ACTIVITY ▸
Instruction for the listing below: copy exactly, and only, the lines from the one holding "[BMW]7시리즈 (F01) 740 d xDrive 인...--2" through its last line, omitting any picture.

Top of RECORDS SUPPLIED

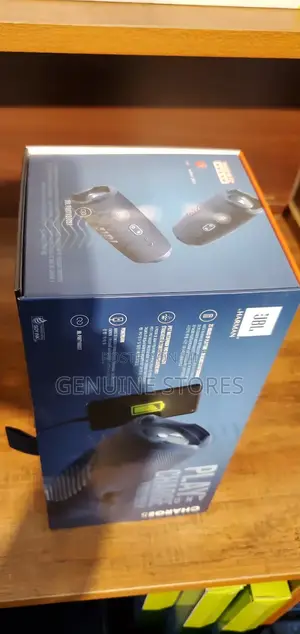 JBL Charge 5 Wireless Portable Speaker Witha Deep Bass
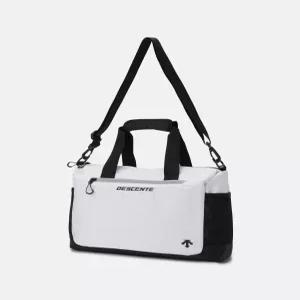 데상트 트레이닝 짐백 15L 화이트 SR123TBG1A 1A_WHT0 5675720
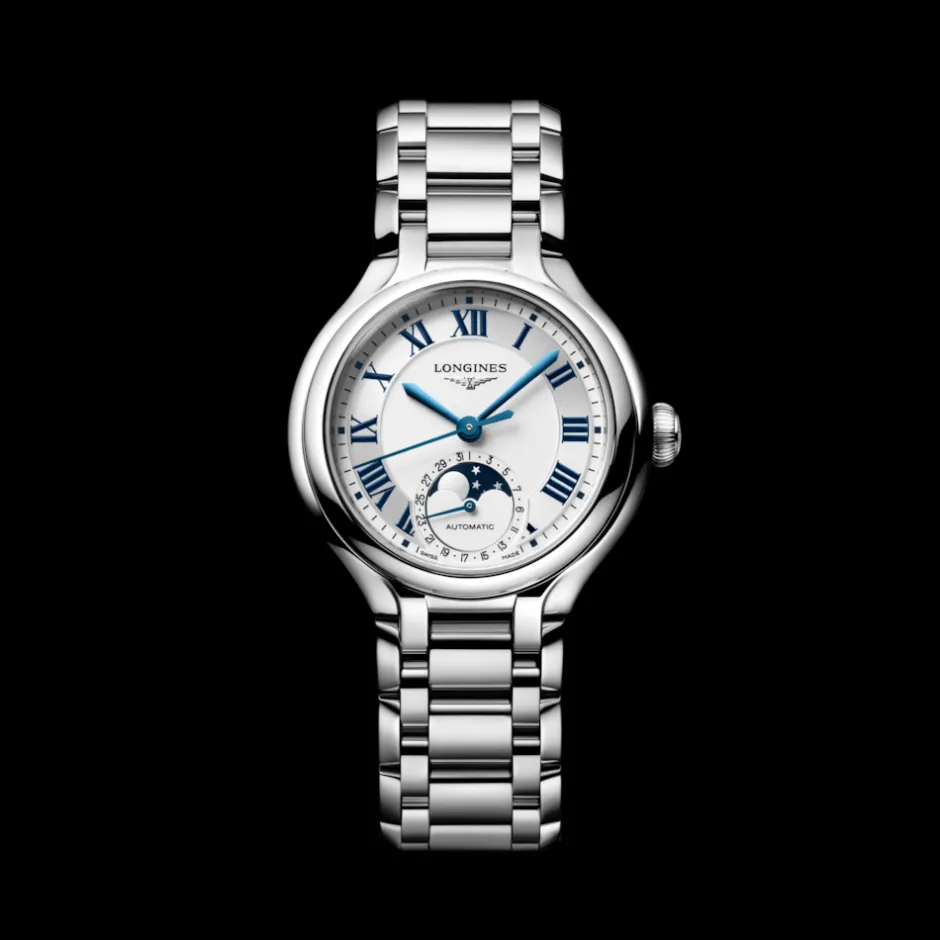 LONGINES PRIMALUNA MOONPHASE* Primaluna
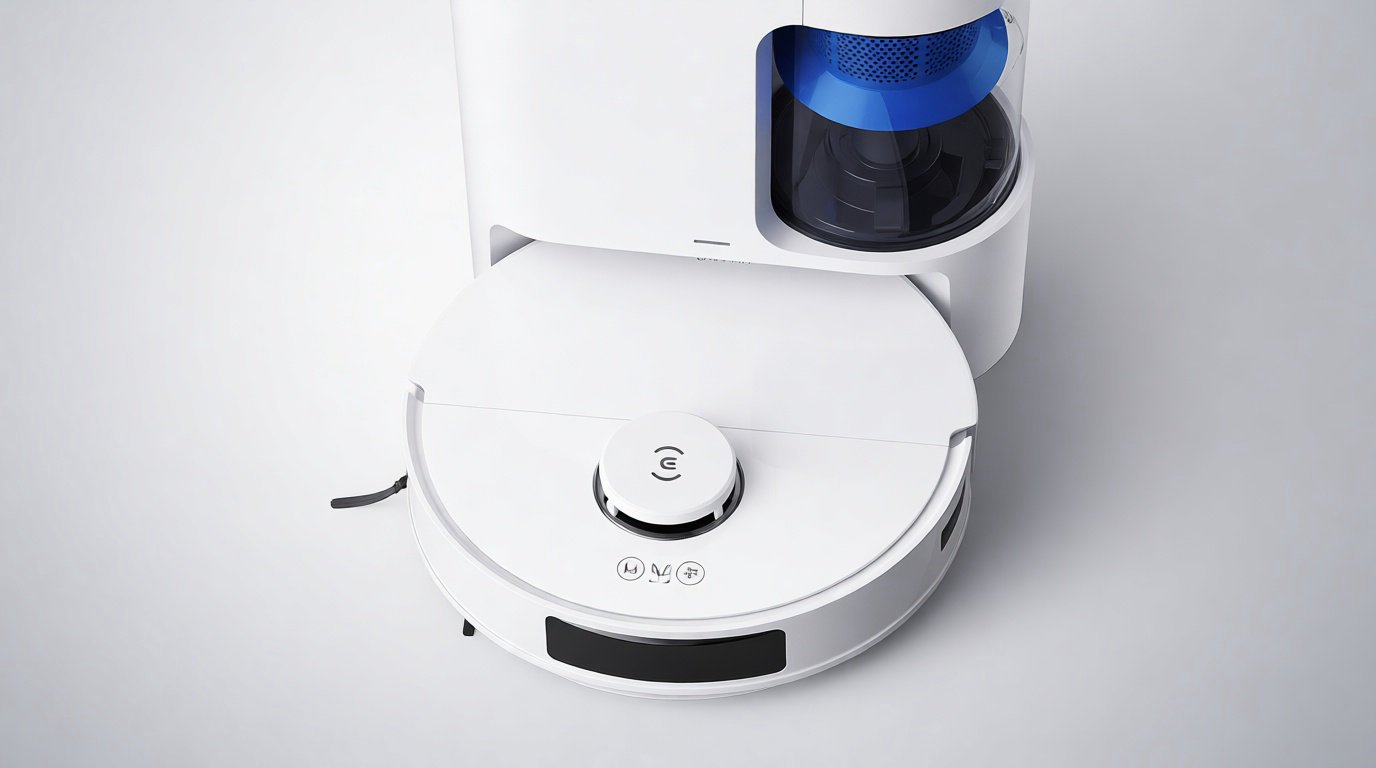 Ecovacs Deebot N20 Plus : la simplicité d'un cocon sain 🌿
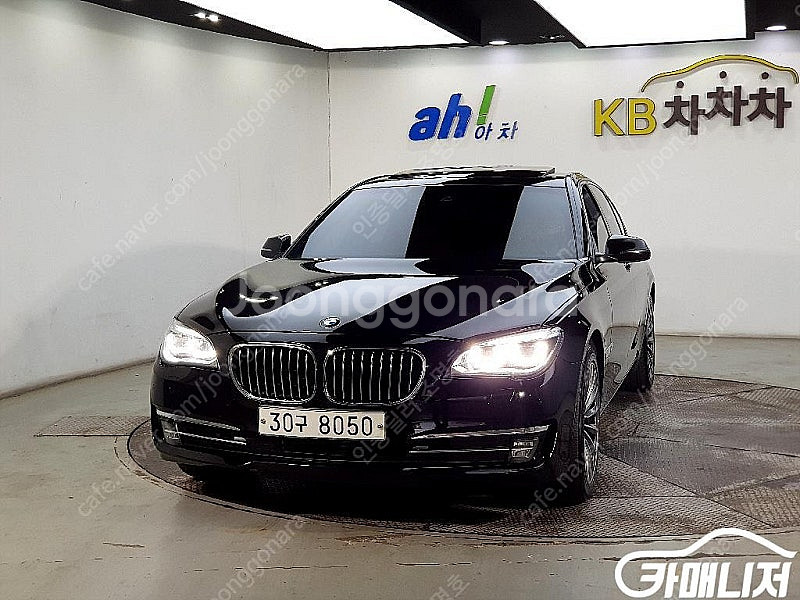 [BMW]7시리즈 (F01) 740 d xDrive 인...--2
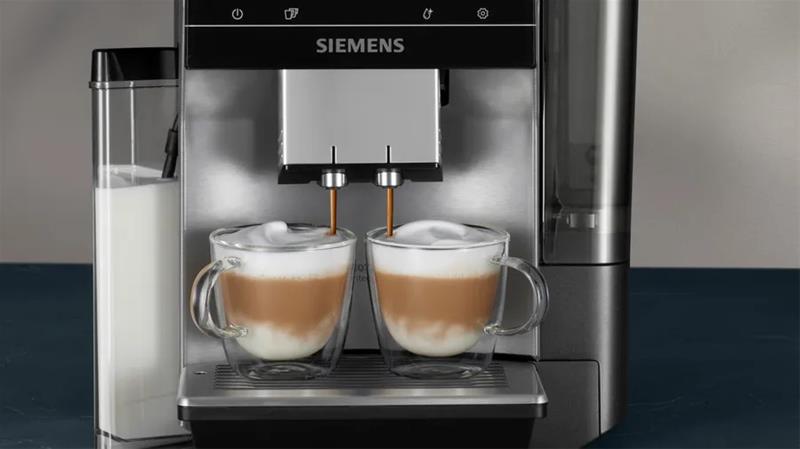 Siemens EQ700 TQ717R03, kahviautomaatti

Bottom of RECORDS SUPPLIED

WRITTEN ANSWER ▸
 [BMW]7시리즈 (F01) 740 d xDrive 인...--2
 Siemens EQ700 TQ717R03, kahviautomaatti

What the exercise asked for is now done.